William Minter is editor of the Washington-based AfricaFocus Bulletin
This commentary originally appeared in the Providence Journal
(http://www.projo.com) in Providence, Rhode Island.
Washington. As Congress debates how to withdraw from a failed war in Iraq and President Bush begins his
troop surge, U.S. policymakers seem determined to replicate the Iraq debacle in Africa. In the last
two months, Washington has backed an overwhelming Ethiopian invasion of neighboring
Somalia and has launched air strikes on alleged terrorists, killing an unknown number of Somali
civilians. The United States is now counting on the African Union to replace Ethiopia as the
military sponsor of a weak Somali government.
Somalia is not Iraq, of course. Somalia's 11 million people are less than half of Iraq's 27 million.

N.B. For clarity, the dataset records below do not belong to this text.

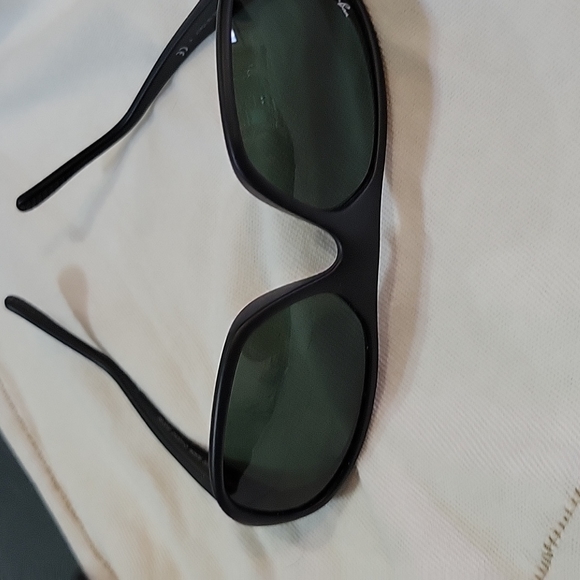 RAY-BAN SUNGLASSES - Picture 2 of 7
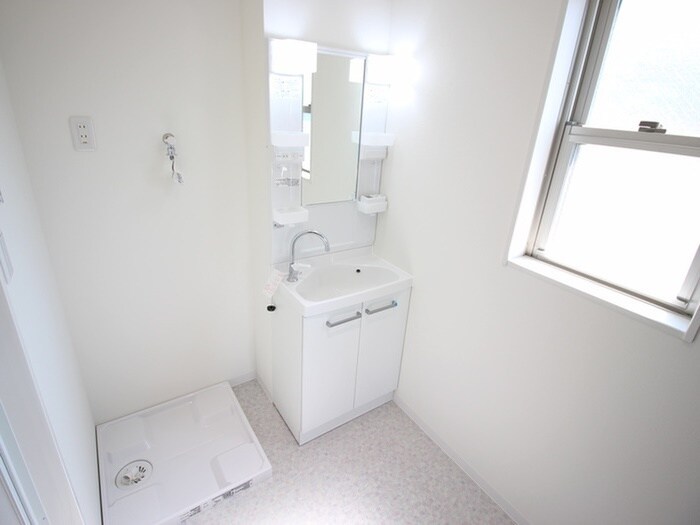 物件内観写真11　(洗面)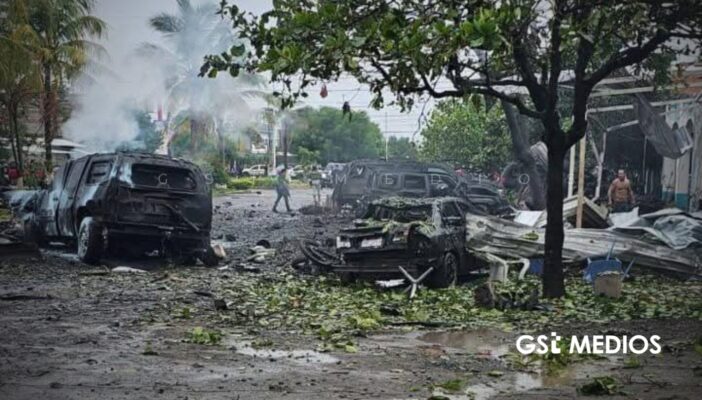 Explosión frente a Policía Comunitaria deja dos muertos y siete heridos en Coahuayana, Michoacán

The African country is also flanked by two powerful neighbors that are U.S. military allies,
Ethiopia and Kenya. Instead of sending in U.S. troops, Washington strategists have relied on
Ethiopia for troops, tanks and planes, limiting the direct U.S. presence to air strikes and special
forces. Somalia's clan divisions also differ profoundly from the sect-based schisms in Iraq. And
the recently defeated regime was not an entrenched dictatorship but a diverse Islamic coalition
that had brought security to the Somali capital for the first time in 15 years.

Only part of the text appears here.